## Data preprocessing 

In order to prepare the dataset for machine learning task a pre processing step is added in this notebook. The main aim of this step is to manage the size of the dataset by filtering relevant value categories, optimizing data types for memory management and removing data that is not relevant for the machine learning task at hand.

In [1]:
import pandas as pd
import numpy as np
import re
import seaborn as sns
import matplotlib.pyplot as plt
from sklearn.utils import shuffle

In [2]:
import warnings

warnings.filterwarnings("ignore")

Set pandas view options for better readability of large dataframes

In [3]:
pd.set_option("display.max_columns", None)
pd.set_option("display.width", 1000)

### Dataset composition

Data is split between two files: accepted and rejected loans. To establish what data is available to the lending company while making the decision for accepting/rejecting loan application we can look at rejected dataset and extract the features which we will look for in the approved dataset to structure our dataframe.

In [4]:
print("Starting pre process of datasets")

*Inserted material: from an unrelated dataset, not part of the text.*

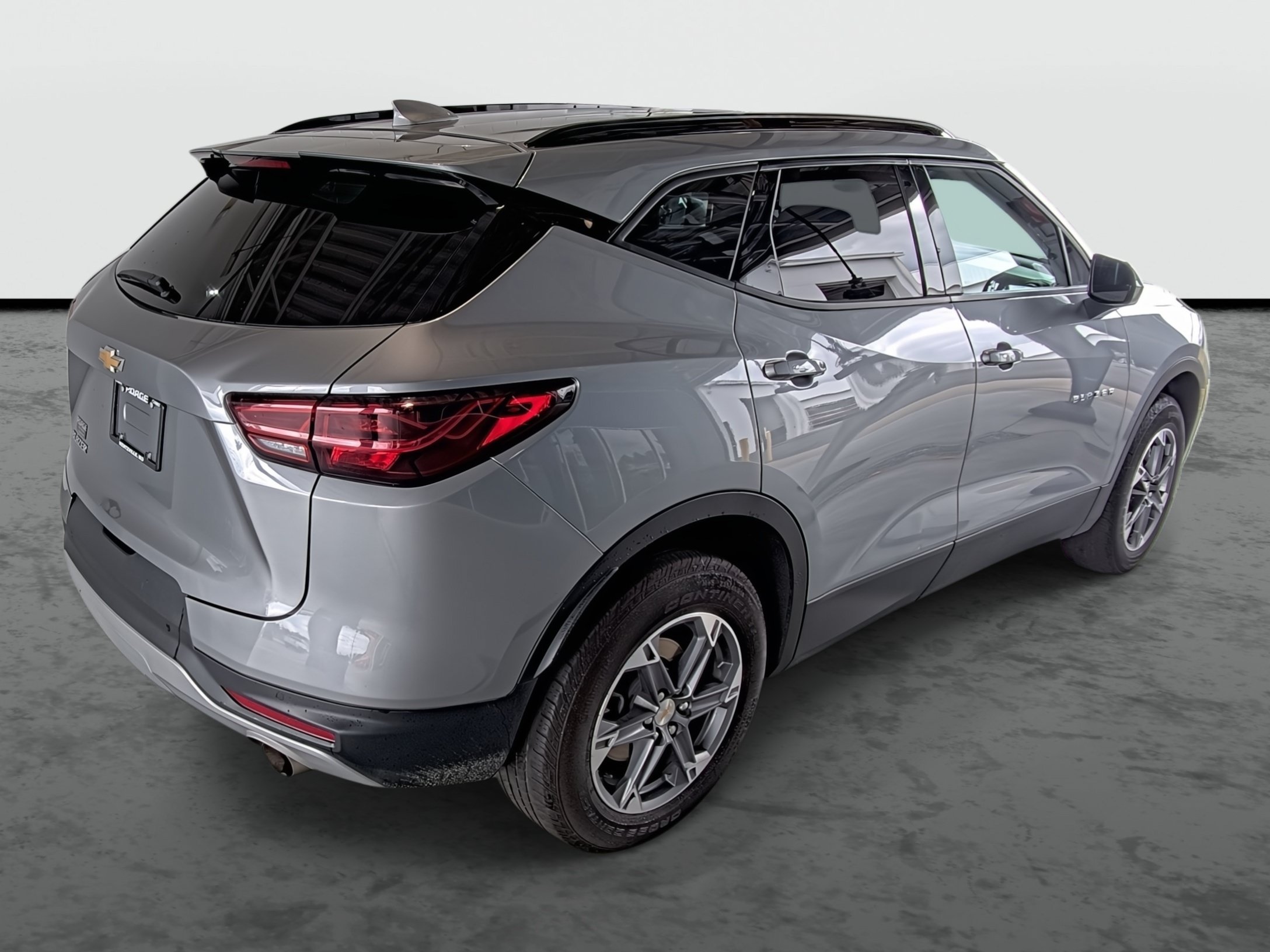 Used 2025 Chevrolet Blazer LT w/ Convenience Package FWD image 14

Starting pre process of datasets


#### Read the columns of rejected loans

In [7]:
cols = pd.read_csv("rejected_2007_to_2018Q4.csv", nrows=0).columns.tolist()
print(cols)

['Amount Requested', 'Application Date', 'Loan Title', 'Risk_Score', 'Debt-To-Income Ratio', 'Zip Code', 'State', 'Employment Length', 'Policy Code']


Seems we have 9 features that are used to determine the loan acceptance/rejection. 

- Amount of loan requested
- Application date
- Purpose of the loan
- FICO risk score of applicant
- Loan amount to annual income ratio
- Location of potential customer with zip code/state which part of is anonymized
- Length of employment
- Policy code which is calculated and assigned based on FICO score by Lending Club (when application is approved?)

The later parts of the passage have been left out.